Data below:

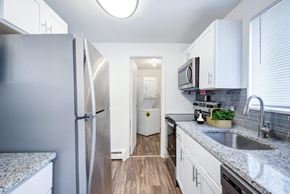 Brockport townhouse for rent - kitchen with white cabinets, granite counters, and stainless appliances
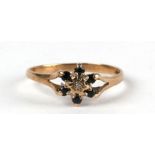 A 9ct gold diamond and sapphire cluster ring. Approx. UK size N. 1.4g
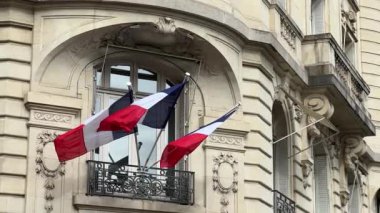 Paris, Fransa 'da tarihi bir taş binanın dekoratif balkonunda sallanan üç Fransız bayrağı. Zarif mimari ayrıntılar kemerli pencereyi çerçeveleyerek klasik Avrupa tarzı ve vatanseverliğini gözler önüne seriyor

End of Data.

Return the whole listing word for word, minus its pictures.

Task output –
 Brockport townhouse for rent - kitchen with white cabinets, granite counters, and stainless appliances
 A 9ct gold diamond and sapphire cluster ring. Approx. UK size N. 1.4g
 Paris, Fransa 'da tarihi bir taş binanın dekoratif balkonunda sallanan üç Fransız bayrağı. Zarif mimari ayrıntılar kemerli pencereyi çerçeveleyerek klasik Avrupa tarzı ve vatanseverliğini gözler önüne seriyor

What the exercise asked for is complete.